自宅で長期間保管する場合はドライボックスとシリカゲルの組み合わせや、防湿庫で保管するとカビから大切な機材を守ることができます。
ただしドライボックスに付属で付いているような湿度計はあまり精度が高くない場合があります。上の画像を見ていただければ分かると思うのですが、同じ条件下で指している湿度が全く異なっています。このデタラメな数値を信じて除湿してしまうと乾燥し過ぎになってしまったり、逆に湿度が高すぎる環境になってしまう可能性があります。湿度が高いとカビの原因になりますが、乾き過ぎもあまり良くありません。機材のグリスを乾燥させてしまったり、レンズのバルサム切れを起こす原因となると言われています。
値段は1500円〜2000円程度でも精度の高いものがあります。湿度計はきちんとしたメーカー製の物を使いましょう。
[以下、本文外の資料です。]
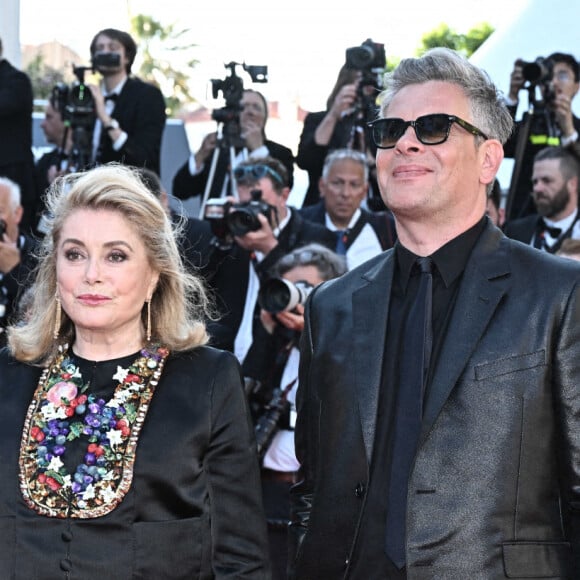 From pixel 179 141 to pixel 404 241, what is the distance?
7.22 metres

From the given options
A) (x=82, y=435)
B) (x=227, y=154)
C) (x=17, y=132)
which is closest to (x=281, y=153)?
(x=227, y=154)

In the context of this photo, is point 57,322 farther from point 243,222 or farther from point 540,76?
point 540,76

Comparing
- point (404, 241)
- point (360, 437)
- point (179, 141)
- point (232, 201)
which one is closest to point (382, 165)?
point (404, 241)

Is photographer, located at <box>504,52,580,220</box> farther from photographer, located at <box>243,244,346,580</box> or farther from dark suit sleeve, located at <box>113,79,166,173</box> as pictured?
dark suit sleeve, located at <box>113,79,166,173</box>

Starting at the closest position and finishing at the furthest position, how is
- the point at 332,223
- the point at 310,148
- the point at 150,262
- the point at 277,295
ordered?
the point at 150,262 < the point at 277,295 < the point at 332,223 < the point at 310,148

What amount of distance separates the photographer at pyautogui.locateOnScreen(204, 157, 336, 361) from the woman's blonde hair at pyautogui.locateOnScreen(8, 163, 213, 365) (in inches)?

ある程度機材が増えてきたら、防湿庫を買うことをオススメします。私の中で防湿庫は機材の優先順位として、かなり上位です。機材の総額が10万円を超えたあたりが購入の目安かな?と思います。防湿庫の大きさはそれなりに大き目のものを選んでおいた方が将来絶対に良かったと思うはずです。後悔しないためにも、最低でも50Lは欲しいところです。品質・安全面で国内メーカー製をお勧めします。
まずは濡らさないこと
最近のカメラやレンズは防塵防滴仕様になっていることも珍しくありません。しかし防塵防滴だからと言って絶対に濡らして大丈夫というわけではありません。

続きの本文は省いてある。